The report warned that mothers who were above the age of 40 were three times more likely to develop serious complications as compared to their younger counterparts. The babies too in this case, faced the risk of chromosomal disorders.
“The extent of the change in risk is surprising to me. They become even more pronounced for those 40 and over and that’s a growing segment of new moms,” said Kathleen Morris, CIHI director of health system analysis.
The three year long project examined one million hospital births across Canada from 2006 to 2007 and 2008 to 2009.The mothers age ranged from 20 to 60 years old. Almost 20 percent of the mothers were 35 years of age.
The researchers found that compared to mothers under the age of 35, the older moms were two times more likely to get gestational diabetes associated with pregnancy. Those above 40 were three times more likely to have the high blood glucose problem with one in every eight women complaining of the condition. The researcher added that a third of these women who had gestational diabetes also developed Type 2 diabetes later.
“It can really affect a mother’s health because it’s a chronic condition and life-long health concern,” she said, noting that these women also tend to carry heavier babies leading to delivery complications.
Dr. Mark Walker, a University of Ottawa professor and senior scientist at the Ottawa Hospital Research Institute noted that hypertension was also a cause for concern.
“As we get older we’re more at risk for diseases and pregnancy is a stress test to the body so if you have an underlying condition, it could express itself,” he said.
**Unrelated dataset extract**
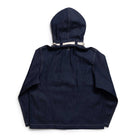 Anatomica USN Gunners Parka Indigo Denim-Jacket-Clutch Cafe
Another thing pointed out by the report was the staggering number of caesarean operations. 41 percent of moms above 40 had C-sections with more than half of the first time mothers going for the surgery. In comparison only a quarter of women in the age group of 20-35 gave birth via C-section.
“C-sections are medically necessary in some cases and they can be life-saving but compared to a routine delivery, they pose greater risks to the mom and baby and they also cost more,” Morris said.
Dr. Walker, who is a high-risk obstetrician expert and has delivered more than a 1000 babies of older women, commented that he had spent a lifetime being a researcher and still this finding surprised him.
“There’s a lot we don’t understand, such as why C-section rates would be so high. It’s perplexing to me,” Walker said.
While the research threw light on the risks moms face, it also reports on the risk that the child is put at with older moms.
To moms older than 40, one in nine babies are preemies born before 37 weeks of pregnancy. For younger moms this risk is lowered to one in 13 mothers.
It is well known that preterm babies might have many developmental issues like intestinal problems, breathing difficulties and vision problems. Morris said that though some issues could be corrected most problems might become a lifelong one.
What was alarming to note was that one on 127 babies of older moms had chromosomal disorders like Down’s syndrome, but the likelihood of these anomalies was only one in thousand among younger moms. Morris added though that the risk was still relatively low.
Dr. Walker mentioned that a condition called Placenta previa when the placenta grows on the lower side of the uterus and covers almost half of the cervix is what might trigger preterm deliveries. The condition is seen in one in 65 mothers over 39 and one in 208 for younger mothers.
According to the report, British Columbia had the highest number of older moms with 22.3 per cent while Ontario trailed at 21 per cent. C-section deliveries were highest in Newfoundland and Labrador at 47.9 per cent followed by B.C. at 45.6 per cent. Saskatchewan, Quebec and Manitoba recorded the lowest rates for the procedure.
Cost wise as well, hospital birth costs increased with a mother’s age. On average a mother between 20 to 35 years of age spent $2,900 and $1500 for their babies while $3,000 was spent by mothers aged 35 to 39 with additional $1,600 for their babies. For those above 40 the cost they bore were $3,200 for mothers and $1,800 for their babies.
These estimates were apart from the physician and specialist fees, medical costs and repeat hospitalizations.